For all the talk about digital transformation, financial institutions are still stuck in an outdated truth: we collect oceans of data but struggle to turn it into business value. We’re chasing more dashboards, more metrics, more lakes and warehouses and yet the fundamental flow of data through our organizations remains slow, siloed, and often untrustworthy.
The problem isn’t how much data we have. It’s how we process it.
If the banking industry wants to innovate whether through AI, automation, or faster regulatory response we must stop treating data as a byproduct and start designing it as a product. That shift in mindset is the key to unlocking real efficiency, insight, and trust.
Operations Data bloat has quietly become a barrier to progress. Many financial institutions are dealing with duplicative pipelines, inconsistent formats, and teams spending more time cleaning and validating than analyzing. Analysts often joke that 80% of the work is data wrangling but when that becomes the reality across teams, it’s not just inefficiency; it’s a strategic risk.
We’ve invested millions in infrastructure, yet internal users still struggle to find reliable sources.Regulatory reporting cycles are drawn out due to reconciliation delays. Business decisions stall while teams cross-check spreadsheets against legacy systems.
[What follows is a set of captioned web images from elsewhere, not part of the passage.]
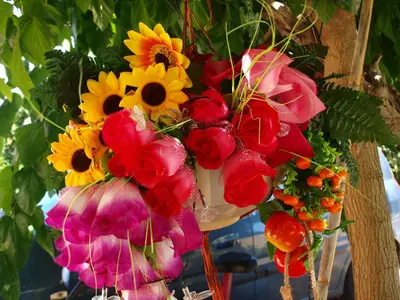 a bunch of flowers hanging from a tree at Villa Rita Apartments A in Tavronitis
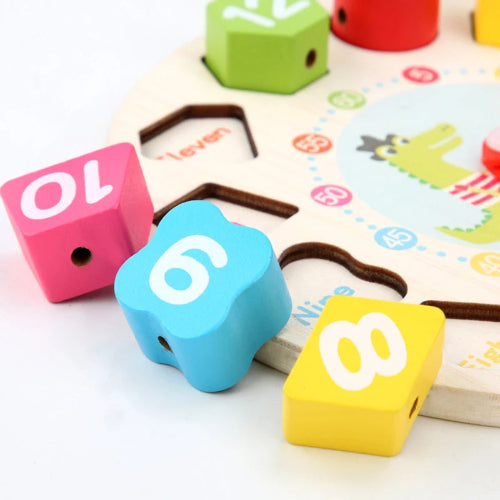 jouet-en-bois-horloge-manchot-details-pastels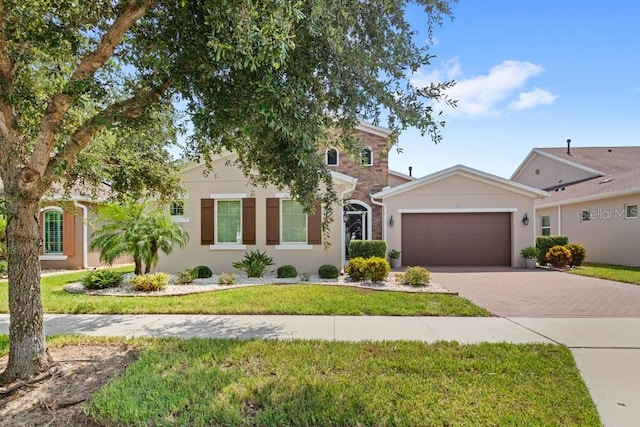 view of front of house with stucco siding, an attached garage, decorative driveway, and a front lawn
This is the friction that kills innovation at scale.
Traditional enterprise data models rooted in centralized ownership and IT-led governance can’t keep pace with the speed and diversity of today’s use cases. Compliance, risk, customer experience, and fraud prevention all demand real-time, fit-for-purpose data. But the “one lake fits all” approach doesn’t deliver that. It slows us down.
Data teams, meanwhile, are expected to act like internal service desks processing tickets ,chasing metadata, enforcing policies. But if accountability is unclear and feedback loops are slow, the gap between business users and engineers widens.
What’s needed isn’t just more tooling, it's smarter data design. This starts with treating data as a product: built with a clear purpose, well-documented, easy to access, and constantly maintained. Forward-thinking financial firms are starting to adopt domain-oriented data ownership, a concept borrowed from software engineering. This means giving business-aligned teams the autonomy (and responsibility) to own, publish, and manage their own trusted datasets, while adhering to common standards.
Imagine if your risk team managed their own clean, validated "risk exposure" data product that others could reliably consume. Or if regulatory reports were generated off version-controlled, traceable datasets with built-in quality checks. That’s not just governance that’s operational excellence.
One of the myths slowing us down is that more governance equals more control. In reality, lean governance, embedded into the data development lifecycle, produces better compliance and faster outcomes. Metadata tracking, lineage mapping, and automated validation can and should be part of every pipeline not layered on later.
Instead of static policies in PDFs, banks need living frameworks that adapt to changing requirements, are developer-friendly, and empower teams rather than constrain them.
There’s growing excitement around using AI to unlock new value from bank data from generative agents to fraud detection to real-time advisory. But here’s the catch: if your pipelines are brittle and your data is untrusted, AI models will amplify the noise, not the insight.
Before we go all in on AI-driven strategies, we need to ensure the fundamentals are solid:consistent schemas, traceable lineage, and quality monitoring. Otherwise, we risk making automated decisions based on flawed inputs, a dangerous proposition in a regulated industry.
We’ve measured success for too long by how many reports we publish or how many datasources we connect. But in today’s environment, those are vanity metrics.
What truly matters now:
● How long does it take to get from question to insight?
● How many people trust the numbers they see?
● How much of our data is actually used and by whom?
If the answers to these are unclear or disappointing, the solution isn’t more tools, it's fixing the flow.
To move forward, banks must start acting like builders, not archivists. That means empowering cross-functional data teams, investing in composable architecture, and putting the user experience of internal users just as much as external ones at the center of our design choices
.Innovation isn’t blocked by lack of data. It’s blocked by the friction in how we work with data.
If we fix the flow, reduce the latency between creation and consumption, ensure quality from the start, and align architecture with real-world business needs we can unlock a new era of agility and intelligence in banking. But that will only happen if we stop focusing on how much data we store and start optimizing how we move it.